2022-04-16T03:56:52.323Z


The review of two classics such as 'The Sopranos' and 'Breaking Bad' is joyous, terrible and confirms the certainty that one is witnessing two fully valid works of art


Bryan Cranston as Walter White in 'Breaking Bad'.

Overabundance can lead to creative vacuum crises.

It happens in recent years in part with the television series.

We were badly used to the first decade of the 21st century, the golden age of the genre.

Excess desquajaringa originality.

Ideas are sold cheap.

The risk boils over.

That makes you take refuge in the pleasure of reviewing, of revising (what a pedant affected by chronic anglicism would say revisit).

Go back to the titles that are already classics.

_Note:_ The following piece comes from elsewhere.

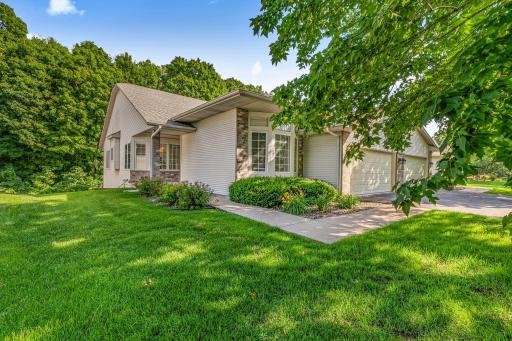 17400 Frondell Court, Eden Prairie, MN 55347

And hence this comparison between

The Sopranos

and

Breaking Bad

through its protagonists.

You don't need a doctorate in psychology to come to the following conclusion: Walter White is a much worse person than Tony Soprano.

From far…

More information

'Your Honor': Walter White's shadow is lengthened

Let's start with the mobster from New Jersey.

The codes, the environment, Livia, her mother, the bastard of Uncle Junior, the burden of being a father of a family who wants to cut the ties of destiny towards the future of his children with some prestige and the studies that he did not have... The guilt and devotion he feels for Carmela, his wife, the pressure of the leadership, the troubles of the gang and the confrontation with other families, his boastful nephew, his psychopathic brothers-in-law and his ball-busting sister.

Don Juanism as another obligation of an alpha male, that measuring up to the opposite sex, leads to depression, causes fainting, anxiety attacks.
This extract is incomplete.